Water Spinach May Choke Israel's Waterways

A carpet of green covering the Harod stream next to the kibbutz Merhavia in the Jezreel Valley would be considered a pleasant and refreshing sight by some, especially as the Harod stream all too often serves as a depository of local sewage. But for Avi Ozon, of the Israel Nature and Parks Authority, the first reaction was concern.

He didn't know the plant, and the shape of the leaves looked strange. He scooped up a sample, and sent it to be tested by his colleague, Dr. Reuven Avital of the authority's science department.

The authority's officials knew that this plant had never been seen before in Israel and sent it to Hebrew University in Jerusalem, where it was examined by Dr. Michael Avishai and Hagar Leshner. Identification was difficult, as the sample did not contain a flower. Finally, the plant was identified as the water spinach.

"This is a highly dangerous, invasive plant, which is considered a bad weed in many areas," Avishai told the authority.

The water spinach joins two other plants recently discovered invading Israeli waterways - the water cabbage and the water hyacinth. Together, the three are threatening to drastically change rivers and waterscapes, causing heavy ecological damage. The water cabbage is being spotted increasingly close to the Kinneret, having originally been discovered further north in the Hula Valley.

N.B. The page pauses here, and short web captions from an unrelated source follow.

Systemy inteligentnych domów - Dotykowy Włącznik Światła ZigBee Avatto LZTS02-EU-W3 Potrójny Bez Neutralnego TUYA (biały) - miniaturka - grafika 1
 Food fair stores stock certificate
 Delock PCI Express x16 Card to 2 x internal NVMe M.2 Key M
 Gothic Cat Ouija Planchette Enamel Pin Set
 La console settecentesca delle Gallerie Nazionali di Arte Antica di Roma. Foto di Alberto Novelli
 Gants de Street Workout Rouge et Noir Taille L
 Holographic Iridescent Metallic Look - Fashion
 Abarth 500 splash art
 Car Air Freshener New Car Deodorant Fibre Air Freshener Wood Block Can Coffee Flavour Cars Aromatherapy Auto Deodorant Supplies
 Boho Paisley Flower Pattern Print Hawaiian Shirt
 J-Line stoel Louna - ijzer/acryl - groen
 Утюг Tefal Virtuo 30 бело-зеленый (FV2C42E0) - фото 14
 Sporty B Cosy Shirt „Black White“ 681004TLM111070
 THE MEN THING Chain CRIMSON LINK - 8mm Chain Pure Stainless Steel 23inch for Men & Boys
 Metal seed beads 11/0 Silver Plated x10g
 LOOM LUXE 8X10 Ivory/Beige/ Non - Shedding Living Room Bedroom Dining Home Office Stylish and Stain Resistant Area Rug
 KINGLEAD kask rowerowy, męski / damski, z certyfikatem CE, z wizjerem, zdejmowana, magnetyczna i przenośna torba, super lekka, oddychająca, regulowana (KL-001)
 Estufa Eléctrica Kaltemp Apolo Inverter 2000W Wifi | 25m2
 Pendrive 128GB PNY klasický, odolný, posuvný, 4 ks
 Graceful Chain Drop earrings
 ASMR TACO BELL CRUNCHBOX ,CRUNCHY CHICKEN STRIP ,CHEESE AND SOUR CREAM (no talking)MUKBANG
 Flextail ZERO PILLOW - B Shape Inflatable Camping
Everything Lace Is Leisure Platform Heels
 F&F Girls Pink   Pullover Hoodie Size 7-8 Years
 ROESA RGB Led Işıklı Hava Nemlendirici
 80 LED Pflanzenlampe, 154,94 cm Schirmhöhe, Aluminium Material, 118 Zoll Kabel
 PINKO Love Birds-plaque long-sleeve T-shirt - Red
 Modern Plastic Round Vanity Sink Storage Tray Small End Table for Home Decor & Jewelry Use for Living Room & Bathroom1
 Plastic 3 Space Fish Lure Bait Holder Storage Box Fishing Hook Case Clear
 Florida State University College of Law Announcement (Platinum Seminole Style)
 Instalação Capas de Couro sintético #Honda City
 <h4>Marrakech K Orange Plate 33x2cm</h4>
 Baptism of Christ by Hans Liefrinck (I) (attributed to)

"We are afraid of losing control over the water spinach," said Yiftah Sinai, the ecologist for the valleys and lower Galilee area in the authority. "It quickly and densely covers wide territories, and prevents other plants from growing. It influences and changes the entire habitats. It also grows fast enough to block waterways, which can lead to floods and stagnant water, which in turn can become mosquito breeding grounds."

Sinai went to the Harod stream and cleared the plant from the area, but he says it could easily return there again.

"We'll keep monitoring this spot, hoping we won't be forced to use chemicals that would damage other plants as well," he said.

The current hypothesis is that the plant was imported by Thai workers, as water spinach is a popular dish in Thailand. The plant was found next to some of their homes on the banks of the Naaman stream.

Dr. Jean-Marc Dufour-Dror, an ecologist specializing in invasive species, said that "there's a serious risk we wake up too late. It's time to launch a national program to stop invasive water plants."